Tuesday, January 31, 2012

Tigers In Our Midst: Groupthink, Anxiety and Allergy Communities

When my son was around four, he started developing "mystery" reactions to foods he had eaten all his life. My husband and I were absolutely panicked; in addition to the stress of the reactions, many of the suspect foods were staples in his somewhat-limited diet.

We pursued allergy testing, but the doctors' conclusion was something called "idiopathic anaphylaxis", meaning reactions with no known cause. They told us it might be food, but it also might be exercise...or something environmental...or a combination of things. So, basically, go forth and live your life with the snarling tiger of an out-of-the-blue reaction always focused on your shoulder blades. Pounce!
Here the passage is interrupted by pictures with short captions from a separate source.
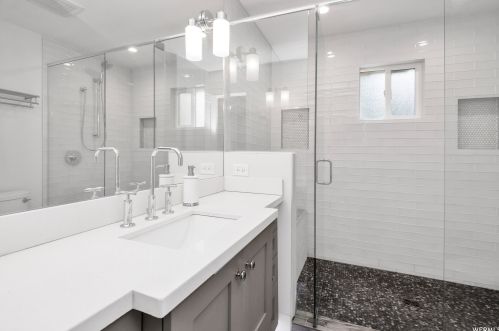 1716 Paulista Way, Sandy UT 84093-6847 exterior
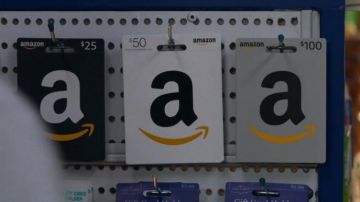 The Amazon gift card purchased by Nick Spitz (Adam Sandler) in Murder Mystery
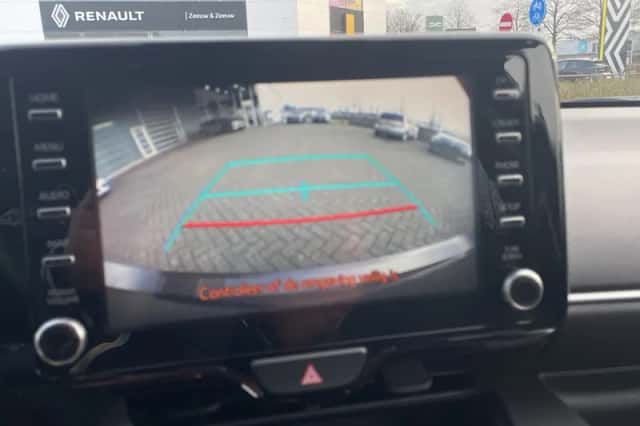 Toyota Yaris (2023) thumbnail 4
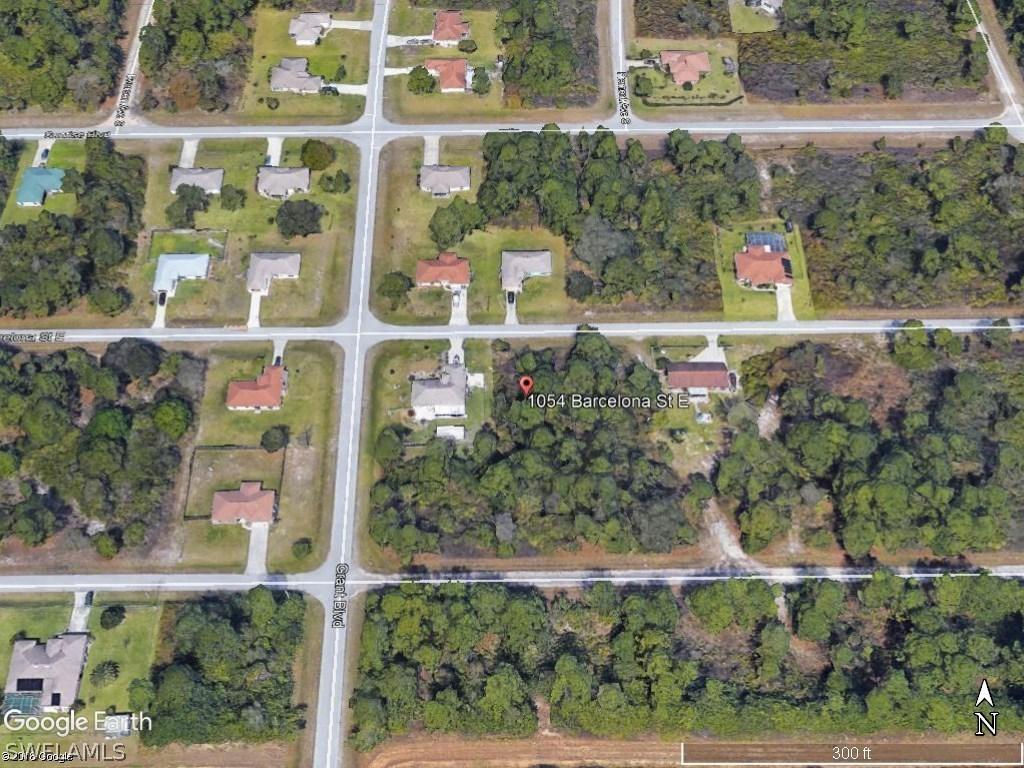 1054 Barcelona St., Lehigh Acres, FL 33974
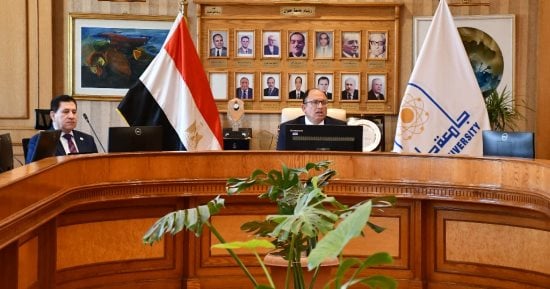 رئيس جامعة حلوان يجتمع مع فريق وحدة التخطيط الاستراتيجى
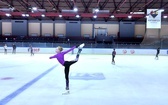 Trening zawodników Klubu Sportowego "EDGE" Skating Academy na Lodowisku Jantor Katowice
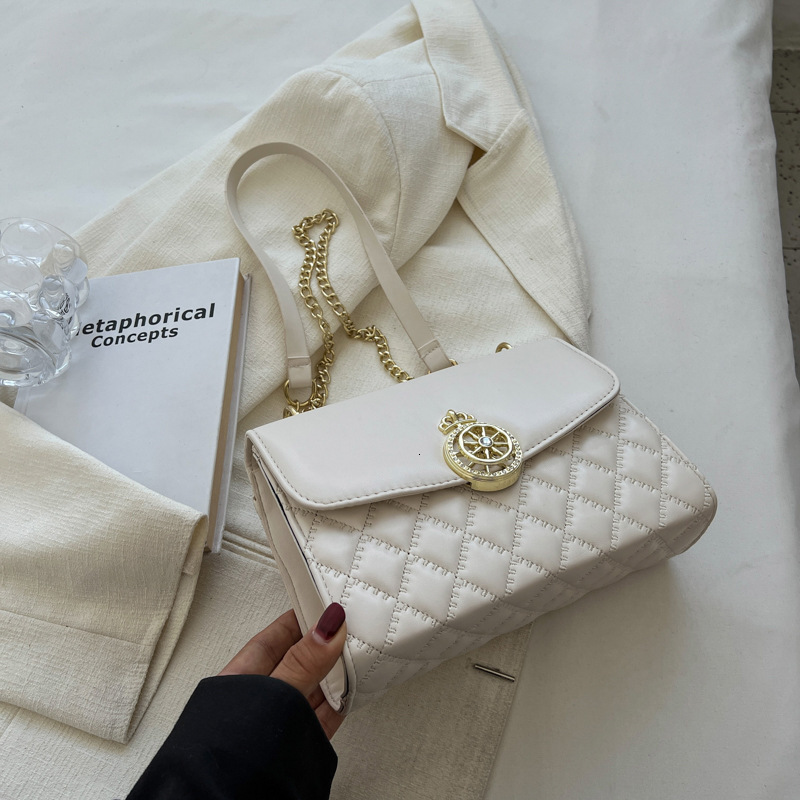Fashionable and minimalist western-style chain autumn new item single shoulder crossbody small square women's bag temperament solid color trend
Understandably, it was at this point I sought out an on-line help community, thinking that someone else must have gone through this. Luckily, some of you had. While no one had been through our particular flavor of crazy, you gave me enough tips and experiences that we finally did identify what was going on: an allergy to a seed-pod protein found in almost the entire legume family. Problem solved! Reactions averted!

However, there was a price.

I stuck around the community, on and off, for years. Eventually, I ended up running it for three years. What that meant from a practical perspective is that I was there every day, reading as many posts as possible to identify potential problems/trolls.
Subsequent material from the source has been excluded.